Records to use »
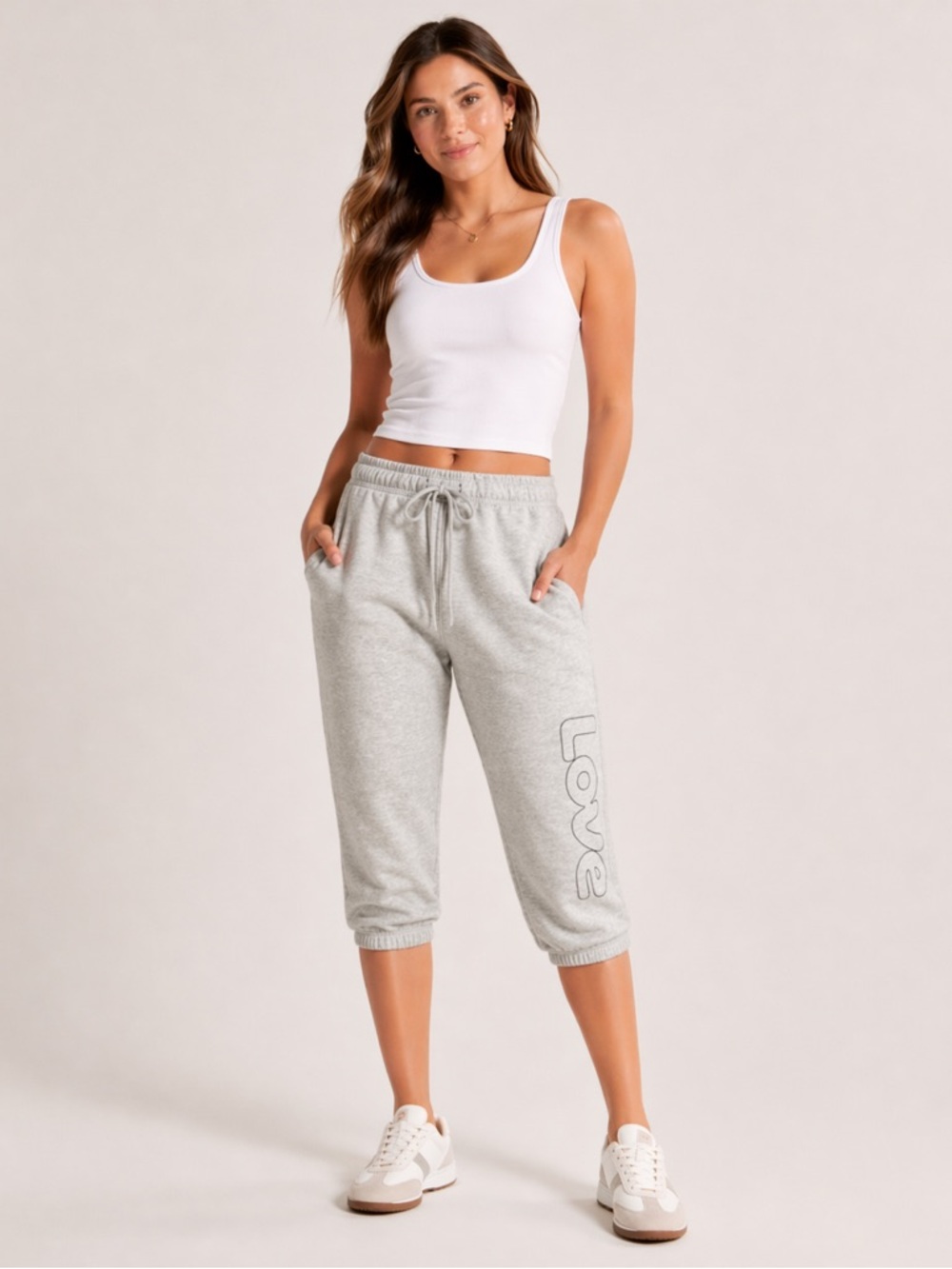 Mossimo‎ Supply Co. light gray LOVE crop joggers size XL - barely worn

---

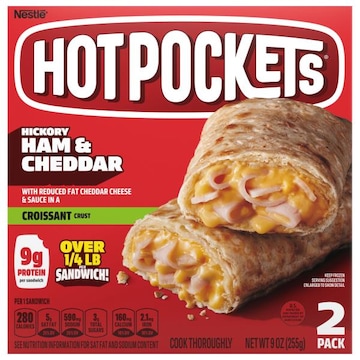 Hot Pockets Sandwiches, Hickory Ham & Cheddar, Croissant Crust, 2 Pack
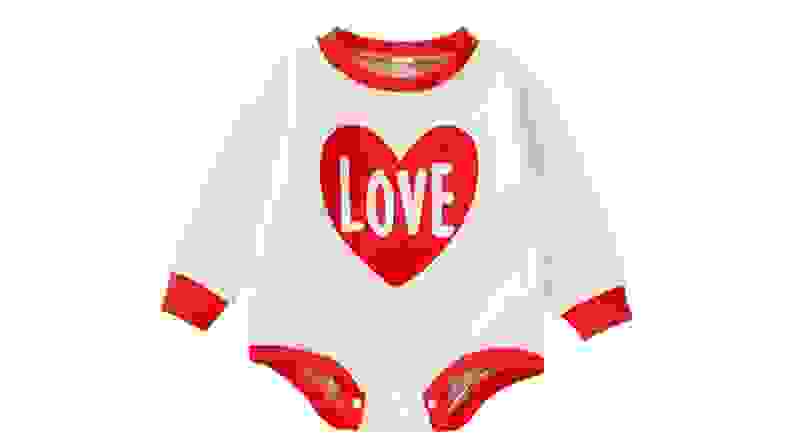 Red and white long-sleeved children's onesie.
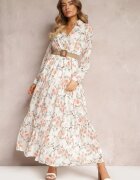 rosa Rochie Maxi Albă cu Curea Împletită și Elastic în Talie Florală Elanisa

---

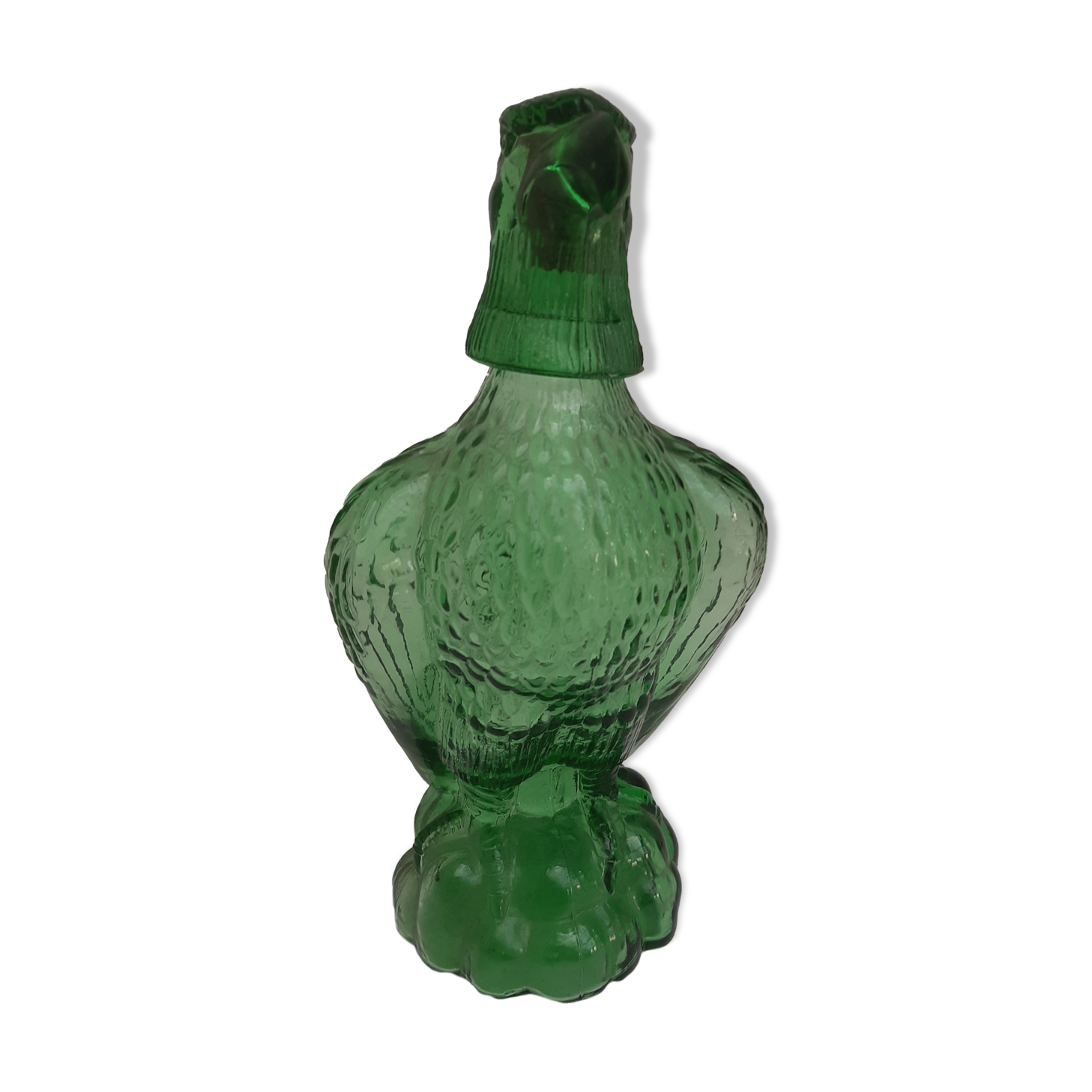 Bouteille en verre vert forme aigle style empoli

Exercise brief »
From the data above, retype only the lines starting with the line with "Red and white" and going on through the line with "rosa Rochie Maxi", exactly, leaving out the pictures.

Output of the task »
 Red and white long-sleeved children's onesie.
 rosa Rochie Maxi Albă cu Curea Împletită și Elastic în Talie Florală Elanisa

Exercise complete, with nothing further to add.